Score: 8/10 Fuckin’ Dragons That Finally Show Up For The First Time In Thirteen Goddamn Books

Immortal Hulk, Vol. 1: Or Is He Both?

    I’d never read a Hulk before! This was a wild place to start, although I understand it gently declines the modern treatment of the character and reaches instead to his horror roots, and yowza is there some weird shit living under that tree. 

    Immortal Hulk is, as I mentioned in a previous post,  is a monster-movie from the monster’s perspective, and y’know, you wouldn’t think that would be more terrifying and upsetting, but it 100% is! SURPRISE! The MCU uses a lot of soft language to refer to the Hulk/Banner arrangement, calling him the Other Guy or Big Guy, but it’s fairly clear—especially by Endgame—that Hulk and Banner are aspects of each other but ultimately the same guy.

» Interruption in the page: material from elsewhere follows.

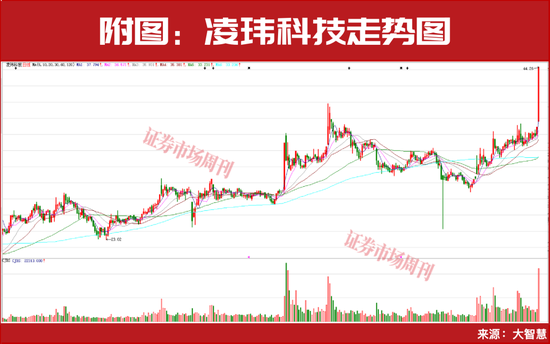 葛卫东买进!19只机器人概念股业绩有望翻倍增长!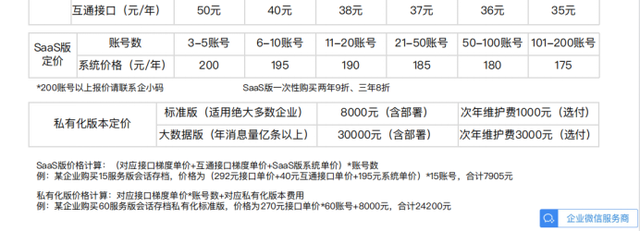 企業微信會話存檔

NOT SO, FRIENDS AND NEIGHBORS, or at least not here; the Hulk is an invasive intelligence that takes over Banner’s body come-a down go the sun, and he’s not the only Hulk in there. Some are smart! Some are dapper! One might ACTUALLY BE THE DEVIL. Now, admittedly my Hulk knowledge is pretty thin so I don’t know how many of these Hulks are established and how many are original to this title, but either way: they all have their own agendas and THEY’RE ALL TERRIFYING, as is the way Bruce Banner has almost no control over his life or what happens in his name when the dark rises.

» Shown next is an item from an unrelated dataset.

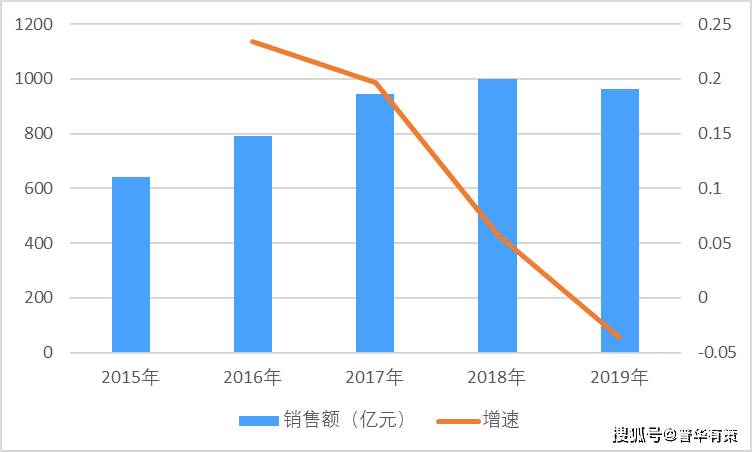 佛教用品行业经济总量_佛教莲花图片(2)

    Immortal wants very badly to establish that it is not a superhero comic; Bruce tries hard to save and help as many people as he can, mostly traveling to avoid high-population areas, and some of the Hulks in his system aren’t actively hostile to humanity and have been provoked into acting in a fashion the end result of which is beneficial to the safety of bystanders, but for the most part the Hulk is an engine of slaughter, committing as much individual human gore and carnage as he does collateral damage to his surroundings, and scaled down enough to make every human death visceral and flinchworthy in the way that a giant anonymous building falling over simply isn’t. The modern cinematic treatment of Hulk is dependent entirely upon the scale of the destruction he can cause and rightly so, because we can make that look good now, but the character’s horror roots are cemented unshakably in the personal-level, “an impossibly large thing is going to hurt me and there’s nothing I can do about it” helplessness and personal terror. It is very gross and very upsetting and leans hard into the body-horror that makes complete sense for a character whose origin story is, after all, grotesque large-scale mutation caused by radiation, a theme that continues to be present and forefront as the title progresses.

    On a personal note I’d like to say that the bad buy of this first volume, some glowy also immortal irradiated Blight-from-Batman-Beyond bastard whose name and motivation escape me at the moment but who most certainly deserved to be Hulk Smashed, gets his limbs snapped off and is buried alive in a rubble-capsule several hundred feet below ground by the Hulk, awake and undying, crushed and unable to move, only to scream, alone, in the dark, forever, and that is pretty literally my idea of Hell. So, g-good job, writers? Also please tell me what I need to do to stay on your good side?